The Asper School of Business is located on the University of Manitoba, Fort Garry Campus in South Winnipeg, Manitoba. The school began in 1937 as the University of Manitoba Faculty of Management. The school was renamed in 2000 in honour of Izzy Asper, noted for his many contributions to the City of Winnipeg and the University of Manitoba over the span of his life.

Programs
The school offers degree programs and courses for undergraduates, as well as to graduates leading to MBA and Ph.D. degrees. The Business school and its MBA program rank within Canada’s Best 10 MBA Programs by Canada Business News.  Its Finance and Accounting programs rank #101 globally by QS Top Universities.
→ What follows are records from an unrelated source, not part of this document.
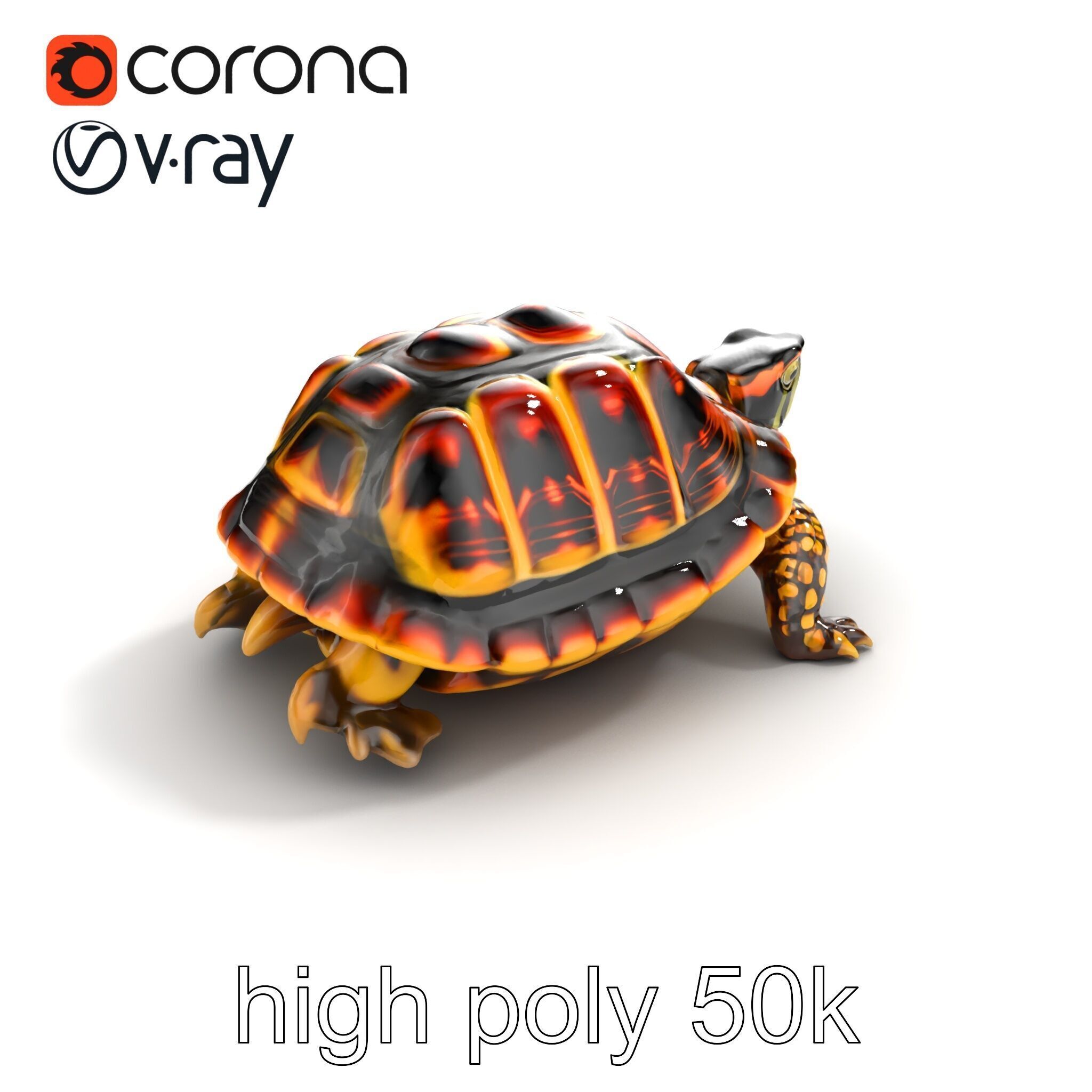 YellowMargined Box Turtle Realistic Detail Model Pack Low-poly 3D model_12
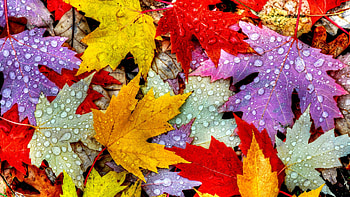 Maple, Gold Leaf HD wallpaper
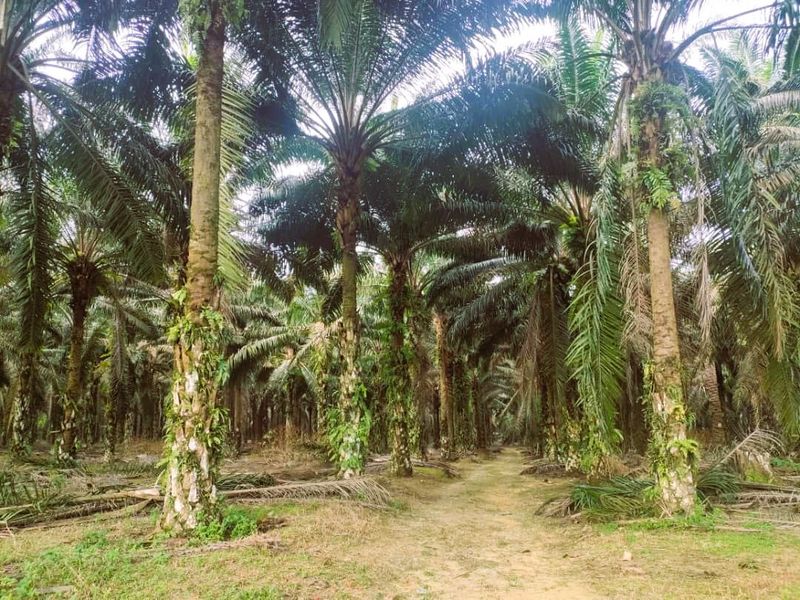 Layang Layang Agriculture Palm Oil Trees For Sale, Johor, Layang Layang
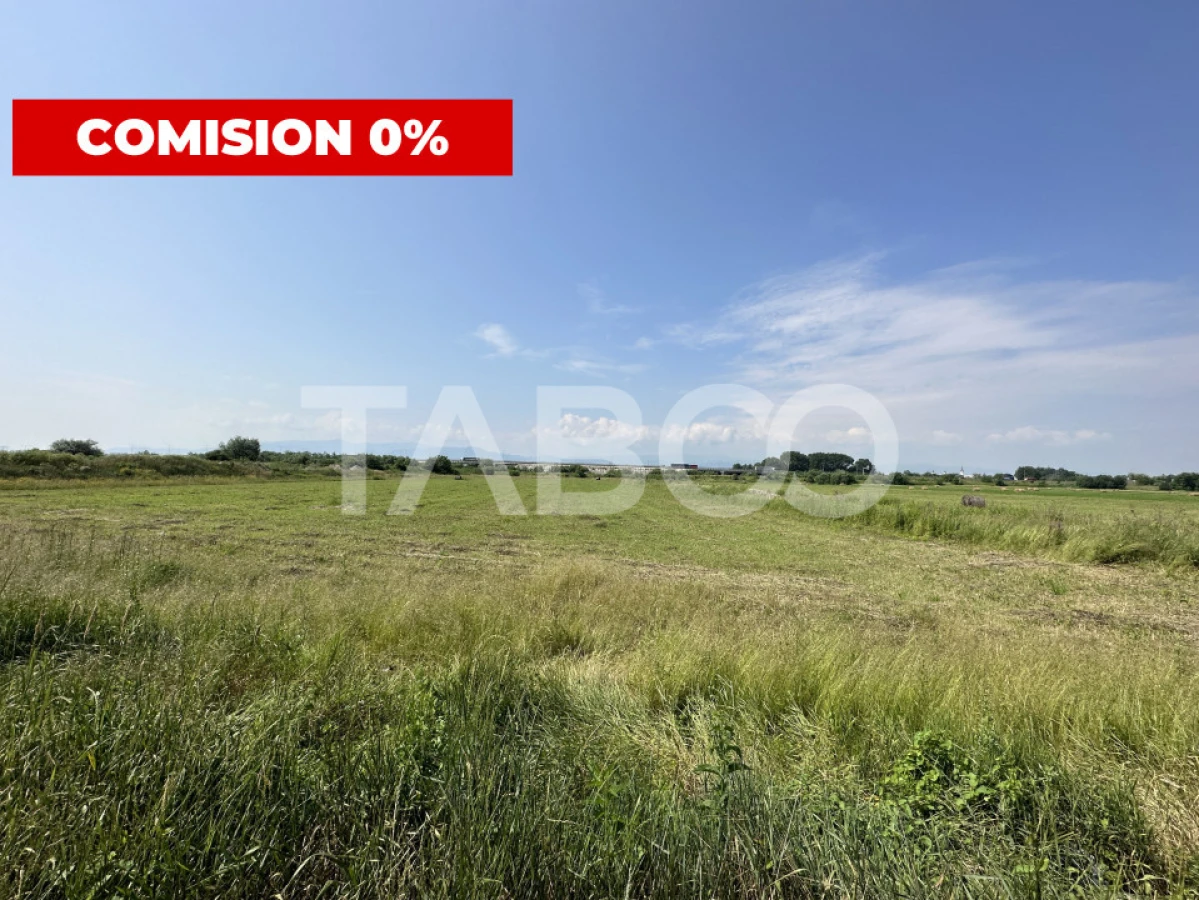 Teren intravilan 6000 mp deschidere 24,5 m utilitati in zona - 2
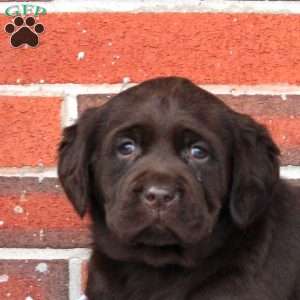 Holly, Chocolate Labrador Retriever Puppy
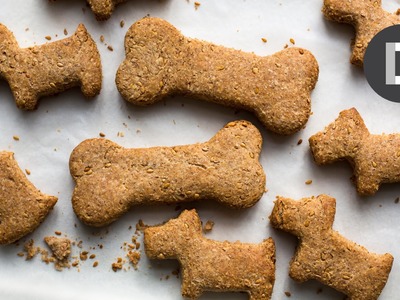 How to make.  Dog Biscuits! Feat. MAX THE DOG!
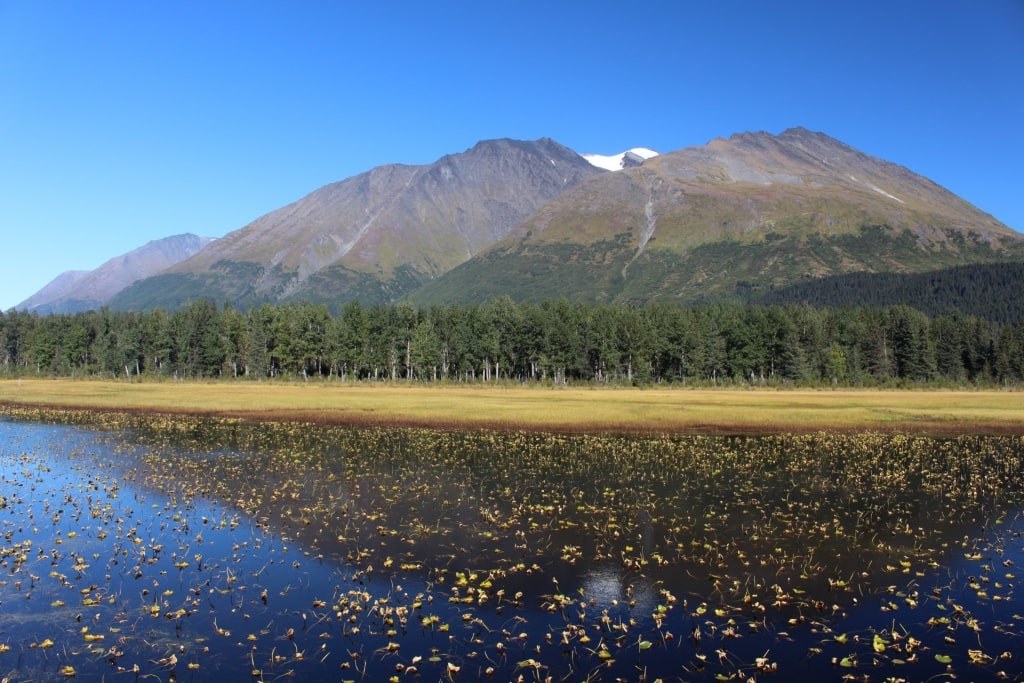 View of Kenai Lake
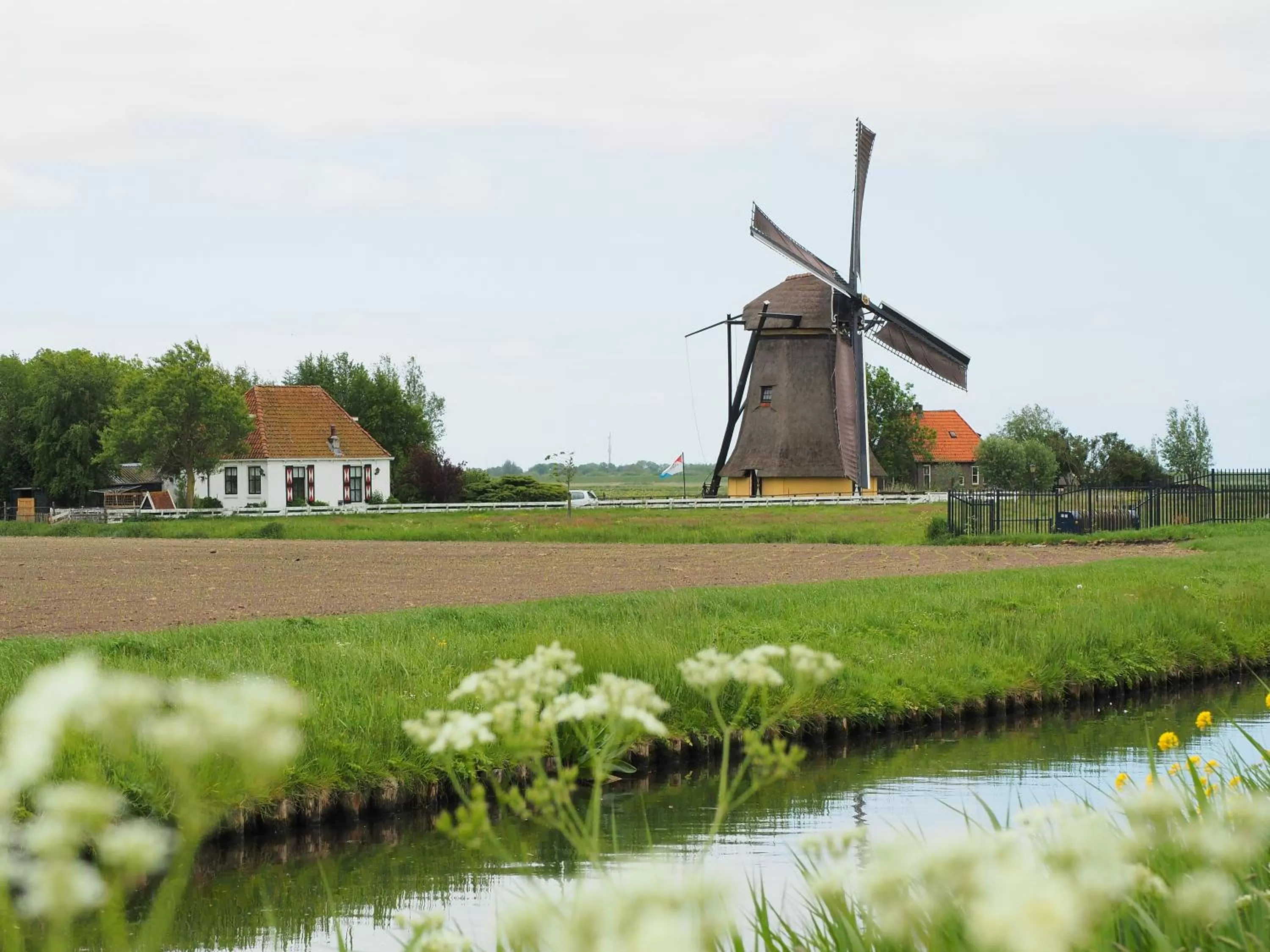 Area and facilities in Hotel Workum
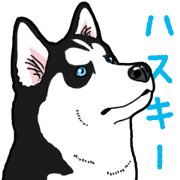 Wanko-Biyori Siberian husky 2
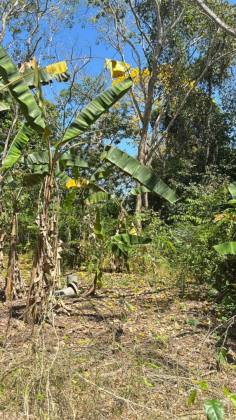 Chácara na zona rural de Rio Branco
The Asper School of Business also offers Executive Programs, an Indigenous Business Education Partners, International Exchange Program and Co-operative Education Program.

Undergraduate Program
Every business student takes the same courses in the core program, but must take four courses to complete a specific major. Each student must also take five business options from any area, so a double major can be completed without taking extra courses.
The majors currently offered are as follows:
 Aboriginal Business Studies
 Accounting (CPA programs available)
 Actuarial Mathematics
 Entrepreneurship/Small Business (Stu Clark Centre for Entrepreneurship)
 Finance
 Generalist (mix of major courses)
 Human Resources Management/Industrial Relations
 International Business
 Leadership and Organizations
 Logistics and Supply Chain Management
 Management Information Systems (MIS)
 Marketing

Graduate Program

Commerce Students' Association
The I.H. Asper School of Business has a student organization called Commerce Students' Association (CSA).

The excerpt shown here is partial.